(Exercise inputs begins)

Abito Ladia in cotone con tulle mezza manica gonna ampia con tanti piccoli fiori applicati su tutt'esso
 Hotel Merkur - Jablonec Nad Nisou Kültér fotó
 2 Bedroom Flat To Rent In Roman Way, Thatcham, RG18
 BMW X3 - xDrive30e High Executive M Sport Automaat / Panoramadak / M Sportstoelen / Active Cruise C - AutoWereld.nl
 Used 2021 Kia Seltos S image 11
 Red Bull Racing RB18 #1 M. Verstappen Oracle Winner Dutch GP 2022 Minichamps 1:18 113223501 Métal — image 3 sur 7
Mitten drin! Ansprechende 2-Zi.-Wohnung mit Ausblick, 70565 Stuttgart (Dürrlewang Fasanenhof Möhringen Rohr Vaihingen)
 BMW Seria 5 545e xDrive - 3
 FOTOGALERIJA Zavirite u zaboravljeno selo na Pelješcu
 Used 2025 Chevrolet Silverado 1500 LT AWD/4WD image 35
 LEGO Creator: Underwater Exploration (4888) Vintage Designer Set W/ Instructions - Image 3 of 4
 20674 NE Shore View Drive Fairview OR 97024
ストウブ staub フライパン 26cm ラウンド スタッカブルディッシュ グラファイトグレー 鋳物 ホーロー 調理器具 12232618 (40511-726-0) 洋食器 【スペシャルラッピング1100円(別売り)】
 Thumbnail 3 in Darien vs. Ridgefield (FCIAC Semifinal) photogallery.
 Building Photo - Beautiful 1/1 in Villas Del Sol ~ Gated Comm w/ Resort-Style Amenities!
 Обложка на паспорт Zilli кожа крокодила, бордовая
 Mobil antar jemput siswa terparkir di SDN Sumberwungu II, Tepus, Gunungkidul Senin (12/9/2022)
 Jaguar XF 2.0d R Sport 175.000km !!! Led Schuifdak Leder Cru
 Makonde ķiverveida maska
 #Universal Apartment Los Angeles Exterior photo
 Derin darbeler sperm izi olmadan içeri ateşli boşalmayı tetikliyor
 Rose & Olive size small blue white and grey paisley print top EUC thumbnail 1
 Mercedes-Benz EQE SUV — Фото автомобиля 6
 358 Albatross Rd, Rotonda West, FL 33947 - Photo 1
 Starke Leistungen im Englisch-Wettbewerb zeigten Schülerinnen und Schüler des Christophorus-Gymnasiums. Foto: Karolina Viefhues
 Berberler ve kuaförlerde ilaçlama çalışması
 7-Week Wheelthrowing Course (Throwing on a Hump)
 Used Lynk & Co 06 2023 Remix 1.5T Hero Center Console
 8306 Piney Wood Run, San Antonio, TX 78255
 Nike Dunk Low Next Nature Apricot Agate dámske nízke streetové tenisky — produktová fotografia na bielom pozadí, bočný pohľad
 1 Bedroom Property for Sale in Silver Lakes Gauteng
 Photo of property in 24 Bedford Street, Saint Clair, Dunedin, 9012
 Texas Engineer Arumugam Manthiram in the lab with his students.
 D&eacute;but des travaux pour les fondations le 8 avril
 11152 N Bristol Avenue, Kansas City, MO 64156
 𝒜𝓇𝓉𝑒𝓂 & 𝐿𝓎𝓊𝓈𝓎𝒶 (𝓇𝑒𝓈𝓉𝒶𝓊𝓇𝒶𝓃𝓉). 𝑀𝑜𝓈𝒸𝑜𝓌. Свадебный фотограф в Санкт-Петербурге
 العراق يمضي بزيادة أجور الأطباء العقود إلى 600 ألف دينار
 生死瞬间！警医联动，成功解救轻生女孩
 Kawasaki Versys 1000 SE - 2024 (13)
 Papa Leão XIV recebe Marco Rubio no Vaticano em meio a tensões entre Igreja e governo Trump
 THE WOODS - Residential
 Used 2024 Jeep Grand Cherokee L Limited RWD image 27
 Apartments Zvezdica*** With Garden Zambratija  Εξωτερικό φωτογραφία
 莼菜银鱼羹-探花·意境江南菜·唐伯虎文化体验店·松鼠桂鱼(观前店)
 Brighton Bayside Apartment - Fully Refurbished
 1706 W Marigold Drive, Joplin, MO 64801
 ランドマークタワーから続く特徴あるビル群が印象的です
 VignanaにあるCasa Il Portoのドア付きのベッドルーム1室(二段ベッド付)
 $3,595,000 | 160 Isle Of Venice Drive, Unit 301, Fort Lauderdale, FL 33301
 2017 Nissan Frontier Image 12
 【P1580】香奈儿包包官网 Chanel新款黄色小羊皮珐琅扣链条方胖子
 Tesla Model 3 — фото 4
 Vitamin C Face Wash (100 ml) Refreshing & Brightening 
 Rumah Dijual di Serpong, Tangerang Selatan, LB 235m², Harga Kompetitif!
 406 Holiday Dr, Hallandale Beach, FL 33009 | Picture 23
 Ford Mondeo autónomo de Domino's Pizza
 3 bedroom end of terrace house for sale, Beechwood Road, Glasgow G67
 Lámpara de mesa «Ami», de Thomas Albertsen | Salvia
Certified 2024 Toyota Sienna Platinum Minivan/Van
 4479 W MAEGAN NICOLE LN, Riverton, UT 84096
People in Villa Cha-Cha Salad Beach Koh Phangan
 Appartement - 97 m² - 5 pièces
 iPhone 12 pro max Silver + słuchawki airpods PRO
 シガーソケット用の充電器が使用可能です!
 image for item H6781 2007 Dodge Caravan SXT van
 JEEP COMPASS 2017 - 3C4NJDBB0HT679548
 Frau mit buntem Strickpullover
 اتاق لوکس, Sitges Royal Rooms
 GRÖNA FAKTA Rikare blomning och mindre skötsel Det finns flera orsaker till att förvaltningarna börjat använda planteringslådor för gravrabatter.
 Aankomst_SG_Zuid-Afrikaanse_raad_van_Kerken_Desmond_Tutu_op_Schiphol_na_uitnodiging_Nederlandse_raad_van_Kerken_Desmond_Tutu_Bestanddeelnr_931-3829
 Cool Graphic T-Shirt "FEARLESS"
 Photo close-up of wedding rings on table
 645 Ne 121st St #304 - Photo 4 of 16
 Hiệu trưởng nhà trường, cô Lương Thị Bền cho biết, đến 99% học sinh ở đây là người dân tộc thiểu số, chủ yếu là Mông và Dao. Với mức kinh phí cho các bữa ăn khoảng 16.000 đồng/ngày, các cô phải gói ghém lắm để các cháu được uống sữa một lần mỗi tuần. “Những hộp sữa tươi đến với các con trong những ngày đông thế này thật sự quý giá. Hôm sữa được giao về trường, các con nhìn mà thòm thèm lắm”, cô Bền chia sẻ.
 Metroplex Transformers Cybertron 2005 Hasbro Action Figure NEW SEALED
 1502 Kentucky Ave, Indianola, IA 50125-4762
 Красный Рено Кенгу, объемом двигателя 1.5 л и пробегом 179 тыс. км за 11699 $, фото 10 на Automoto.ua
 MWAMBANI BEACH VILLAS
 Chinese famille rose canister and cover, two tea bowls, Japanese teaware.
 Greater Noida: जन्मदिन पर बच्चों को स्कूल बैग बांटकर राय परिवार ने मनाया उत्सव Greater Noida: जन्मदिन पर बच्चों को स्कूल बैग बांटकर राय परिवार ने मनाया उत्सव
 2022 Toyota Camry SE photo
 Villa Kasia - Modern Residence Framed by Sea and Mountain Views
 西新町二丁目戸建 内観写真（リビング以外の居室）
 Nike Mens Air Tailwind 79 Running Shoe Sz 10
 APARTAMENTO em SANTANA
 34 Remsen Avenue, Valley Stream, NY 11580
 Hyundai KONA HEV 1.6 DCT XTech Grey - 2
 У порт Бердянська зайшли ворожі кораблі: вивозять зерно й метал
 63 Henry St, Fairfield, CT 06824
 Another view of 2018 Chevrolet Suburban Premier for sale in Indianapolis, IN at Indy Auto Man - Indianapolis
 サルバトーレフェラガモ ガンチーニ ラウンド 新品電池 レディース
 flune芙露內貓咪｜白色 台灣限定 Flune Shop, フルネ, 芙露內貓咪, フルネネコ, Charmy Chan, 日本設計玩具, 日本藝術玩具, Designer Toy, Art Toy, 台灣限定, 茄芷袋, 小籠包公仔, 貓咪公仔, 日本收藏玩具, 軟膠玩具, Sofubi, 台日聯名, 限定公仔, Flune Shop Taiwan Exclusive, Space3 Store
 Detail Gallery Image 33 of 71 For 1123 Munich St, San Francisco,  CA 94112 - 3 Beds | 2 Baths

(Exercise inputs ends)

Sift through the material above and copy each line that holds "Sport".

### Solved exercise
 BMW X3 - xDrive30e High Executive M Sport Automaat / Panoramadak / M Sportstoelen / Active Cruise C - AutoWereld.nl
 Jaguar XF 2.0d R Sport 175.000km !!! Led Schuifdak Leder Cru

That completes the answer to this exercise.